Plusieurs moyens existent pour évaluer les traitements dans des conditions de vie réelle. Certains essais randomisés ont été poursuivis, après la phase en aveugle, par une phase ouverte avant la commercialisation. Cela permet d'obtenir des données prospectives, sur une durée prolongée (14), dans un cadre un peu moins contraignant que celui d'un essai, mais toujours dans une population sélectionnée. Les patients traités dans le cadre des autorisations temporaires d'utilisation constituent une autre source d'information, propre à la France, mais qui porte généralement sur des effectifs peu importants et avec le biais de données la plupart du temps rétrospectives. En France, des données ont ainsi été obtenues pour l'omalizumab (15), le mépolizumab (16) et le dupilumab (17). Des études rétrospectives peuvent être également réalisées (18), ou des études pro­spectives (phase 4). Cependant, ces travaux restent ciblés sur l'évaluation d'une seule molécule.

Avec la complexification actuelle de la prise en charge de l'asthme sévère, un certain nombre de patients reçoivent au cours de leur vie des médicaments différents. Construire des outils qui ­permettent d'évaluer plusieurs séquences de la vie d'un asthmatique est un élément important pour la recherche clinique. Les registres et cohortes montrent dans cette indication tout leur intérêt, puisque les données sont colligées de façon pro­spective, sur des durées prolongées. Les registres d'asthme sévère, tels qu'ils existent actuellement, sélectionnent les patients sur la pathologie et non pas uniquement sur le traitement reçu, ce qui permet d'envisager d'autres types d'évaluation.

Il est clair que l'évaluation de la prise en charge d'un asthmatique sévère ne se limite pas aux traitements médicamenteux et qu'elle doit être aussi globale que l'est le fardeau de la maladie, en s'intéressant à toutes les dimensions de la maladie.

L'intérêt de construire des bases de données obtenues en vie réelle ne fait pas de doute pour les praticiens qui les utilisent, pour les autorités de santé qui les encouragent, pour les industriels qui y participent et pour les patients eux-mêmes. Elles nécessitent des réseaux d'investigateurs motivés, un soutien logistique et méthodologique pour garantir ­l'exhaustivité et la qualité des données recueillies ainsi que la définition préalable des objectifs de recherche (épidémiologie, biologie, pharmacoéconomie, etc.) pour le choix des données à colliger. De nombreuses sociétés savantes européennes ont créé, parfois depuis longtemps, des registres d'asthme sévère (19-21). Le registre américain CHRONICLE inclut des patients souffrant d'asthme sévère suivis par des pneumologues, des allergologues ou des internistes. Des initiatives de très grande envergure comme le registre SHARP (22), organisé par l'European Respiratory Society et le registre ISAR (23), sont en cours pour regrouper les données de ces registres, notamment pour obtenir des effectifs importants de patients et donner de la puissance aux analyses. En effet, la pertinence de l'évaluation d'un médicament sera, par exemple, liée au nombre de patients inclus dans la cohorte ayant reçu ce traitement.
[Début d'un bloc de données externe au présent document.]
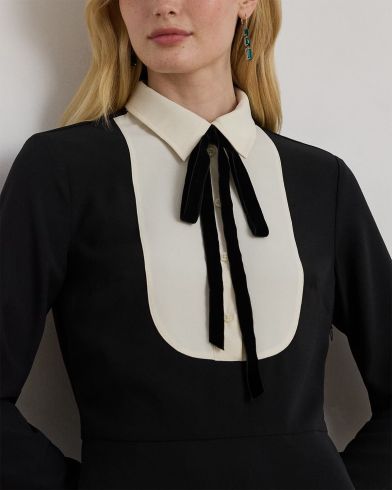 Ralph Lauren - Leythia-Long Sleeve-Day Dress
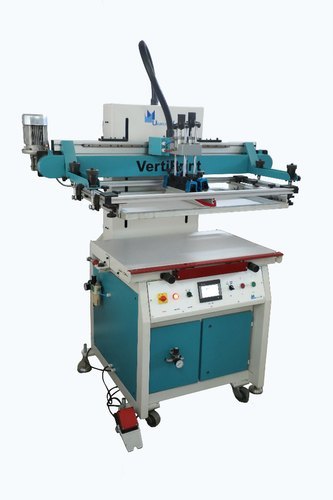 Semi-automatic Flatbed Screen Printing Machine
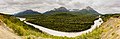 Vista del Río Matanuska desde la autopista.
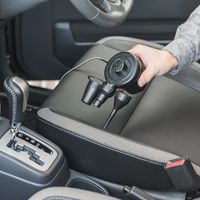 サンワダイレクト 電動エアダスター(強力・AC電源・シガープラグ) 200-CD033 1個（直送品）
La France n'est pas en reste. La cohorte COBRA (24) inclut depuis plus de 10 ans des patients atteints d'asthme et de BPCO de tout niveau de sévérité. La présence d'une riche biobanque comprenant sérum, biopsies bronchiques et LBA (lavage broncho­alvéolaire) a pour l'instant orienté la recherche essentiellement vers des questions de recherche translationnelle (25-27), sur le modèle du Severe Asthma Research Program américain ou ­UBIOPRED (28). Le registre RAMSES, qui n'inclura que des patients atteints d'asthme sévère, vient d'être créé par le groupe Asthme et Allergie (G2A) de la SPLF afin de pouvoir répondre à des questions principalement relatives à l'effet et la sécurité des
différentes prises en charge de l'asthme en condition de vie réelle, avec un chaînage des données cliniques aux
données du SNDS. Les données contribueront également aux registres européens. Les ­investigateurs sont des pneumologues intéressés par l'asthme sévère, ayant des modes d'exercice variés, prêts à colliger tous les 6 mois les données des patients grâce à un cahier d'information clinique électronique. Participer au registre ne nécessite pas de disposer d'infrastructure particulière de recherche clinique, mais uniquement d'être motivé. Cependant, une aide financière pour aider à la saisie des données est prévue.

Parallèlement, dans un objectif d'étude des pratiques professionnelles, la Fédération française de pneumologie a organisé un recueil non longitudinal des données des patients présentés en réunion de concertation d'asthme (29). L'ensemble de ces outils de recherche, complémentaires dans leurs objectifs, devrait permettre d'avancer dans la connaissance et la prise en charge de l'asthme en France.

Ces registres, français et internationaux, ont en commun un fonctionnement collaboratif, ce qui fait leur force. Le nombre d'investigateurs garantit le recrutement des patients, mais permet surtout une exploitation extensive des données puisque chacun des investigateurs, selon la charte de ces registres, peut s'emparer d'une thématique, augmentant ainsi le nombre de données générées et de publications, et participant à l'accroissement des connaissances sur l'asthme en créant une nouvelle dynamique autour de la recherche clinique.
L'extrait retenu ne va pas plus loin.